Zwei Themen beherrschen die Zeitungskommentare zu den eidgenössischen Wahlen: Die Gründe für den historischen Wahlerfolg der SVP sowie der Erfolg der FDP auf Kosten der jungen Parteien und der Anspruch der SVP auf einen zweiten Sitz im Bundesrat.
Für die «Neue Zürcher Zeitung» kommt der Sieg von SVP und FDP nicht unerwartet und stellt eine «Rückkehr zur Normalität» dar. Denke das Volk anders als weite Teile des Parlaments, seien «Korrekturen irgendwann unausweichlich. (...) Die neue Unübersichtlichkeit der letzten Jahre ist vorerst Geschichte».

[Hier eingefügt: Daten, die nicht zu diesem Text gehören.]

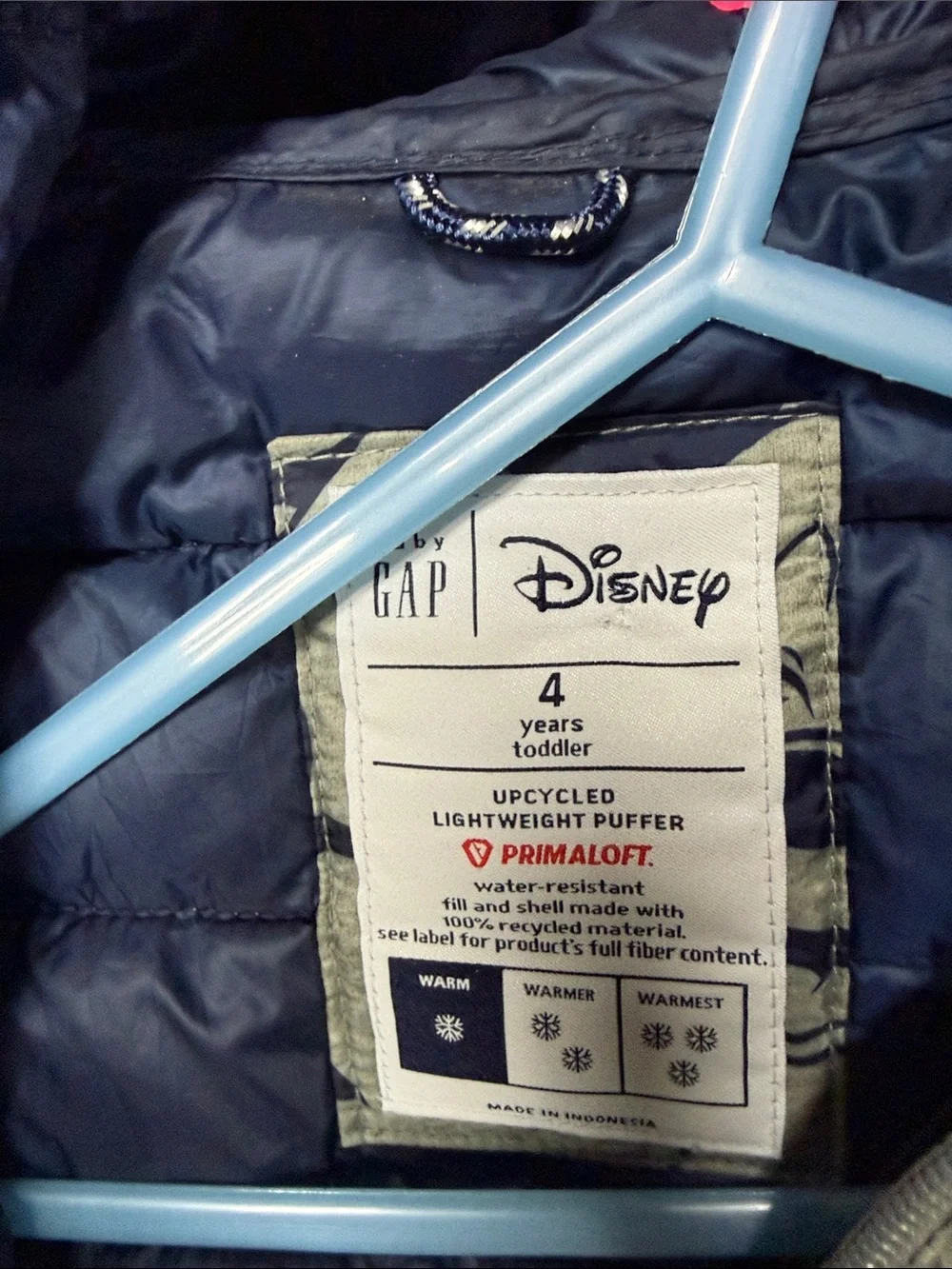 GAP Navy and Light Gray Mickey Mouse Puffer Jacket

Nicht förderlich für eine rationale Diskussion
NZZ-Chefredaktor Eric Gujer schreibt in seinem Kommentar gar, die SVP habe Wahlhilfe von der Deutschen Bundeskanzlerin Angela Merkel erhalten. Denn: «Ihre fatalistische Migrationspolitik provoziert nicht nur in der Bundesrepublik bange Fragen, wohin dies alles noch führt.» Eine rationale Diskussion fördere dies allerdings nicht, so Gujer.
Die NZZ sieht SVP und FDP zudem «in der Pflicht, Gemeinsamkeiten etwa in der Wirtschafts- und Sozialpolitik auszuloten. Gelingt ihnen das nicht, verspielen sie leichtfertig ihren Erfolg».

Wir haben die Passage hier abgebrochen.